▶ _PROBLEM REQUIREMENTS_: Within the entries below, please return exactly the lines from the one with "Lochschneider für Holzbearbeitung, glatter" through the one with "New York Rangers", leaving out any pictures.

▶ _MATERIAL PROVIDED_:
◇ ◇ ◇ ◇ ◇ ◇ ◇
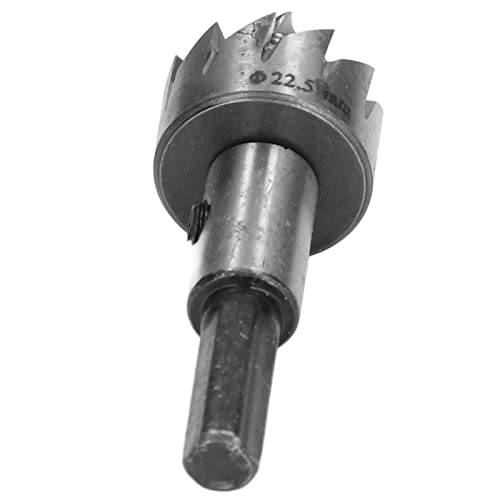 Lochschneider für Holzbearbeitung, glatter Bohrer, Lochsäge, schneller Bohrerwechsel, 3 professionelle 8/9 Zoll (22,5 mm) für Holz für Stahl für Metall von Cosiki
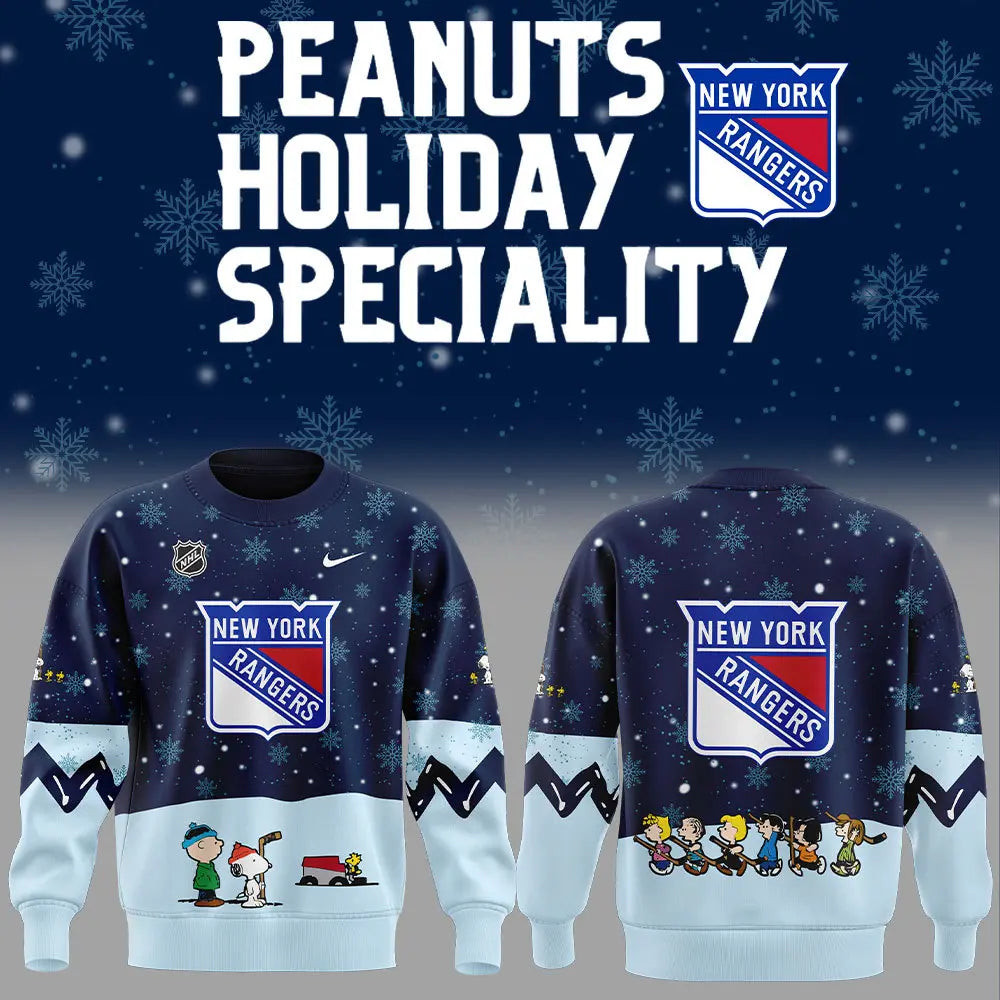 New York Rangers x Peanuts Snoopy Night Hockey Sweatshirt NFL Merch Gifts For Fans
◇ ◇ ◇ ◇ ◇ ◇ ◇
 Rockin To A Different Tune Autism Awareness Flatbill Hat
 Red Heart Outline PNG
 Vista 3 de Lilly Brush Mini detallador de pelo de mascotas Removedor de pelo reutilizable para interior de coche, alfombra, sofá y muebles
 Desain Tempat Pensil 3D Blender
◇ ◇ ◇ ◇ ◇ ◇ ◇
▶ _RESULT_:
 Lochschneider für Holzbearbeitung, glatter Bohrer, Lochsäge, schneller Bohrerwechsel, 3 professionelle 8/9 Zoll (22,5 mm) für Holz für Stahl für Metall von Cosiki
 New York Rangers x Peanuts Snoopy Night Hockey Sweatshirt NFL Merch Gifts For Fans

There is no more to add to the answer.